Hornoff adore la photographie et ne part jamais en tournée sans son Leica. Il tend des clichés à Furtwängler.
— Merci, monsieur Hornoff.
Furtwängler n’a jamais vu de destructions de guerre. Quelques images aux actualités cinématographiques, rien de plus, qui vantent les mérites de la Wehrmacht. Les voix métalliques et théâtrales sur les actualités ne varient pas, l’Allemagne vainc sur tous les fronts. Les clichés de Hornoff terrifient le chef d’orchestre.
— Quelle est cette ville ?
— Rotterdam. Je me demande comment on a pu jouer dans ces conditions ?

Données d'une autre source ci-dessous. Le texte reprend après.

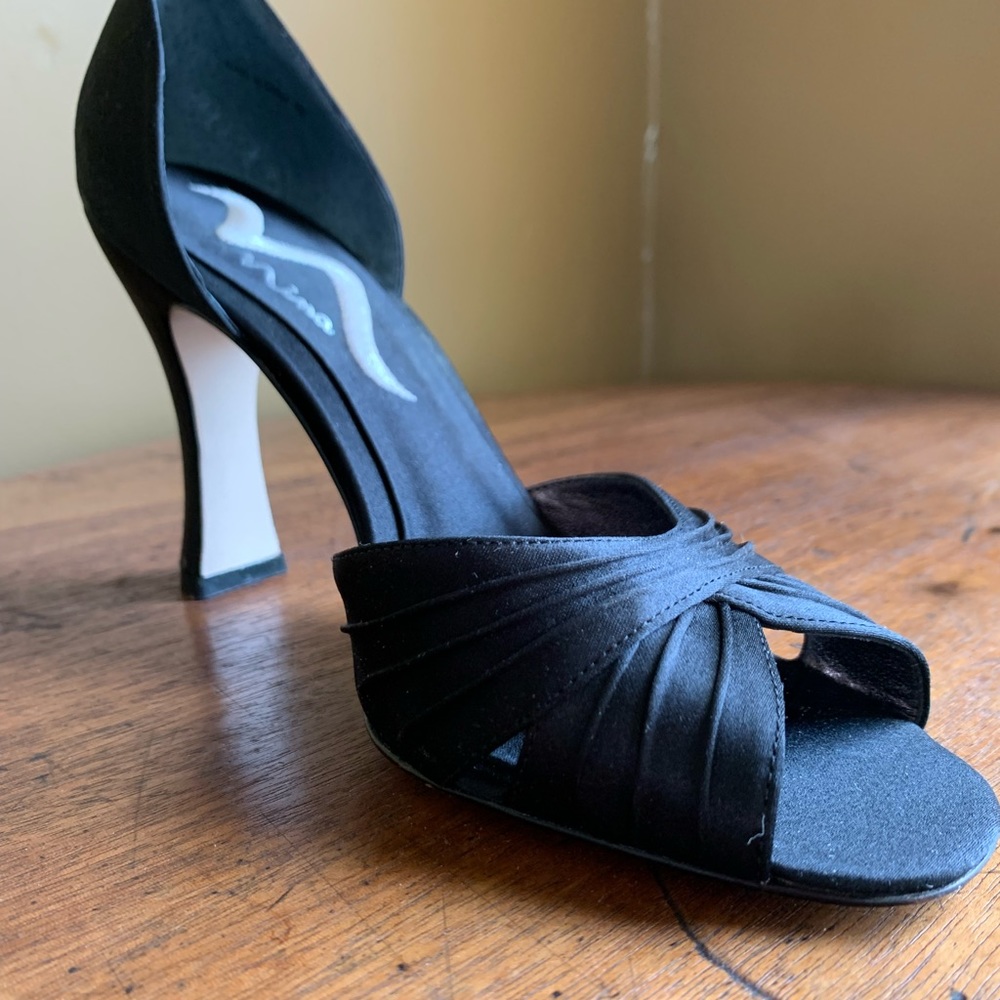 Nina Black Satin Peep-tie Heels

Furtwängler se penche sur les clichés. Des immeubles effondrés, certains encore fumants. Des faces de pierre calcinées aux fenêtres vides. Des moignons saillent d’amas de briques. Sur un tas de gravats, des hommes et des femmes se baissent pour récupérer des misères. Des enfants rôdent sur un parterre de ciment hérissé de barres de fer en queues-de-cochon. L’aviation allemande a pilonné Rotterdam, un nid de morts, désormais. La ville est branlante, on voit à travers les immeubles. Derrière chaque façade encore debout, il n’y a que du néant poussiéreux. Une femme coiffée d’un fichu pousse une carriole et passe devant une voiture calcinée. Un enfant la suit, la chevelure mal peignée.

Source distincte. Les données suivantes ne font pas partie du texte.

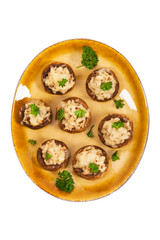 Vegetarian Stuffed Mushrooms Isolated on White Background. Selective focus.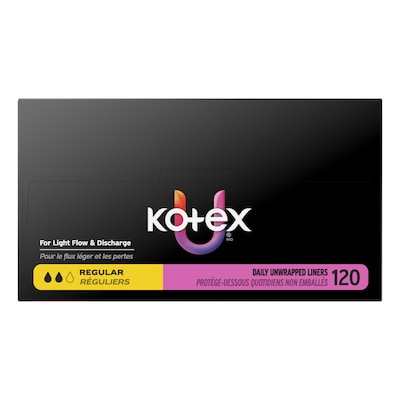 U by Kotex Security Lightdays Liner, Unscented, 120/Pack (58318)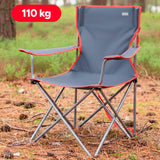 AKTIVE Silla de Camping Plegable para Playa, Pesca y Exteriores con Apoyabrazos y Portavasos Integrado, Capacidad de hasta 110 kg, 45x47x82 cm, Gris Marengo con Rojo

— C’était la tournée pour la Wehrmacht ?
— Oui, monsieur.
Bastiaan se tait. Ses yeux bleus trahissent son tourment. Il est musicien et allemand. Pas vraiment un nationaliste, mais un patriote. Il est aussi d’origine hollandaise, son père est né à Rotterdam.
— J’ai eu honte en sortant du train et en retrouvant Berlin, dit-il. Je suis rentré chez moi, mon violon sous le bras.

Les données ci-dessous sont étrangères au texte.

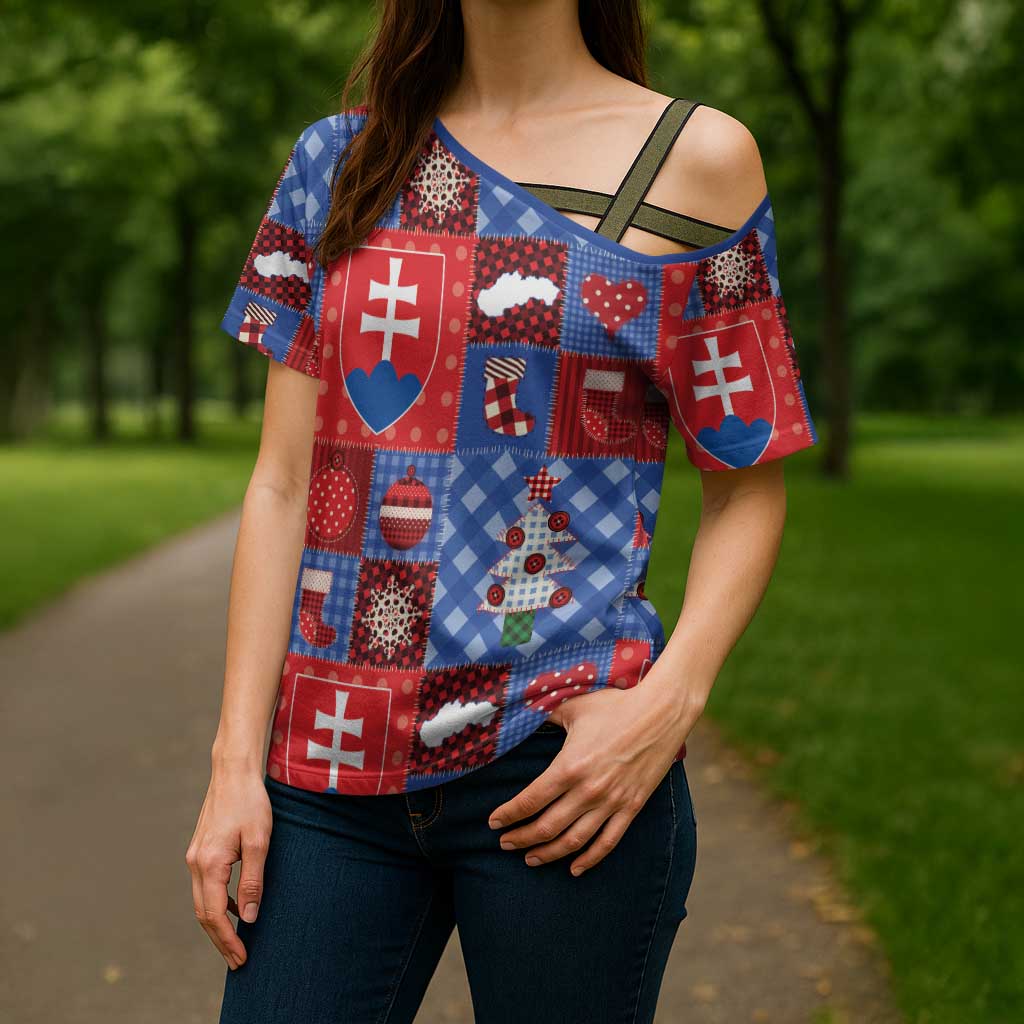 Slovakia Christmas Patchwork Cross Shoulder Shirt - Wonder Print Shop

— J’ai été soldat, dit Hartmann. Sur le front de France et en Pologne… J’ai vu des atrocités comme celles-là. Des villes brûlées… Ce n’est pas beau, mais que peut-on faire ?
Ses yeux parcourent les photos brièvement. L’émotion est palpable sur ses lèvres. Il a dû laisser devant la porte de sa conscience des souvenirs de boue et de sang.
— J’ai été blessé, poursuit-il. Je suis content de ne plus jamais aller à la guerre.
— À moins que la guerre ne vienne à nous, murmure froidement Furtwängler. Ceux que nous martyrisons se vengeront, tôt ou tard. C’est toujours comme cela que ça se passe dans l’histoire.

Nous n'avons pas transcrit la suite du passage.